§ **WHAT THE TASK ASKS**
Give back exactly the line containing "Ugg Mahalya tall" and all that follow it in the data below, with the pictures left out.

--- DATA FOR THIS TASK ---

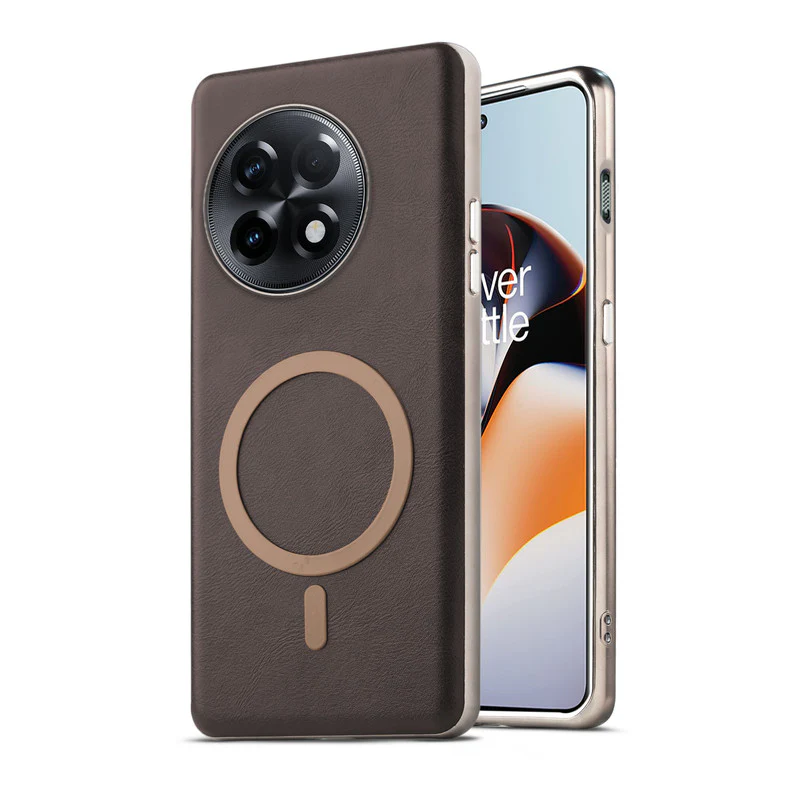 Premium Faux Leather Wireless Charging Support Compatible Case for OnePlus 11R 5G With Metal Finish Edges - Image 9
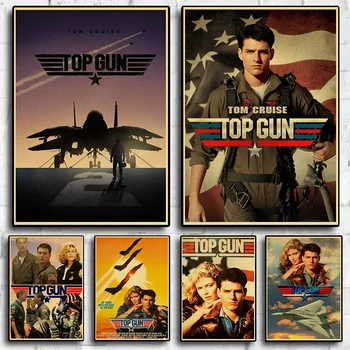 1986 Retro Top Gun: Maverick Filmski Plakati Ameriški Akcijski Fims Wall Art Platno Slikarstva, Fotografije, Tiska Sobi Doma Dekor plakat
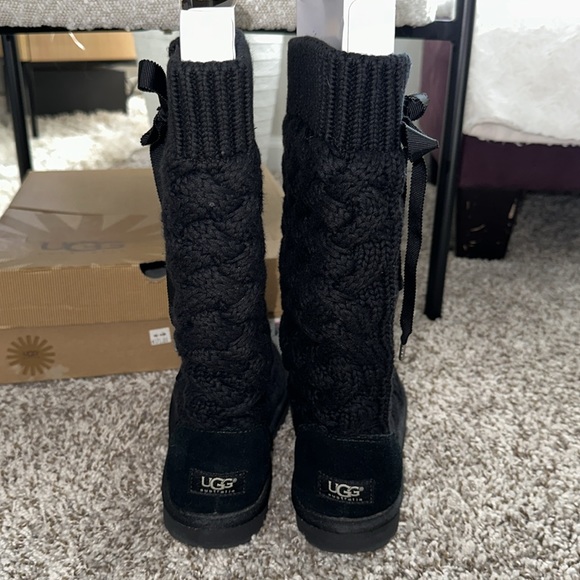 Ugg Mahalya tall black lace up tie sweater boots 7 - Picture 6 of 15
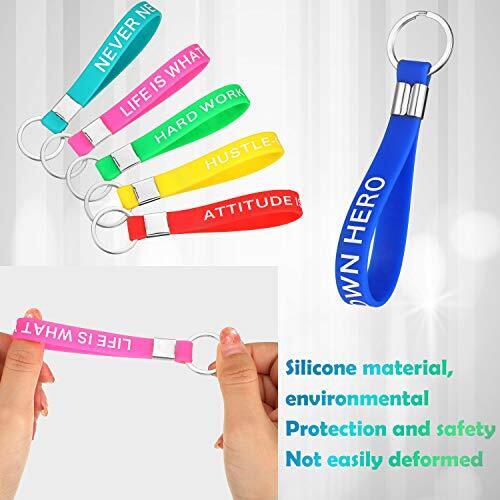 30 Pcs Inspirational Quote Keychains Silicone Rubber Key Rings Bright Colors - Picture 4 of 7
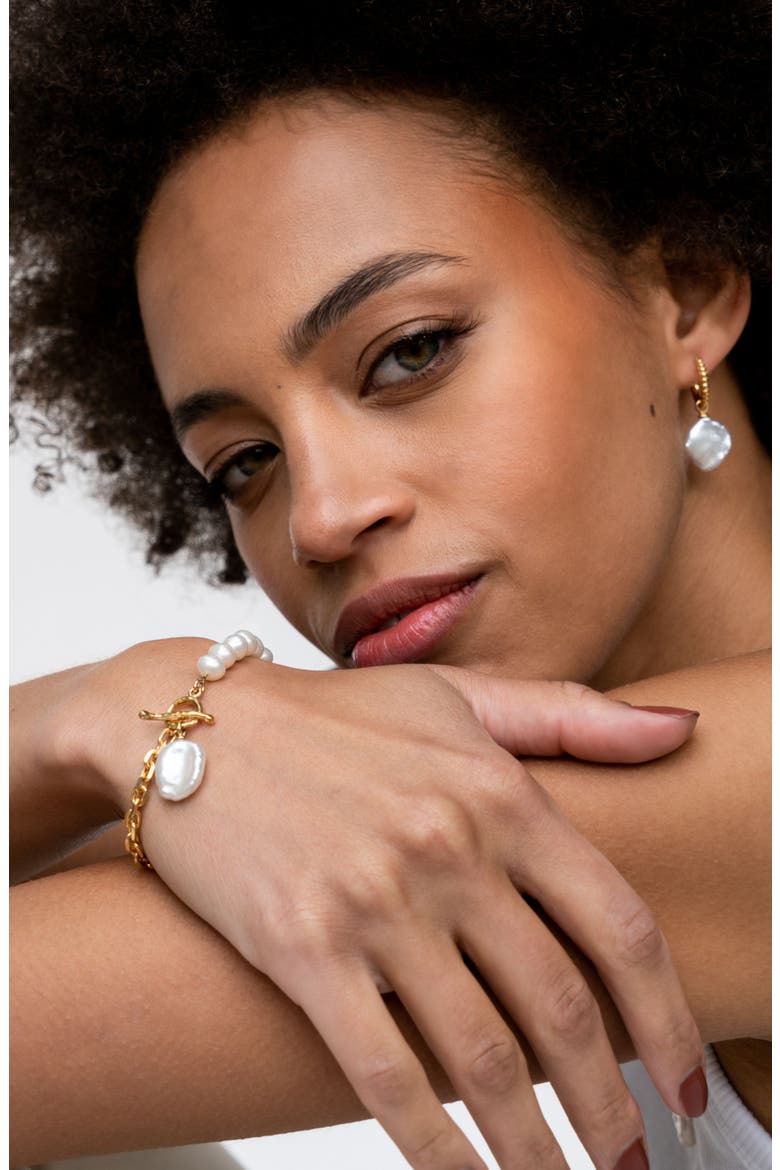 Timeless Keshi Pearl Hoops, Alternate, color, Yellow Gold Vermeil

---

§ **RESPONSE TO THE EXERCISE**
 Ugg Mahalya tall black lace up tie sweater boots 7 - Picture 6 of 15
 30 Pcs Inspirational Quote Keychains Silicone Rubber Key Rings Bright Colors - Picture 4 of 7
 Timeless Keshi Pearl Hoops, Alternate, color, Yellow Gold Vermeil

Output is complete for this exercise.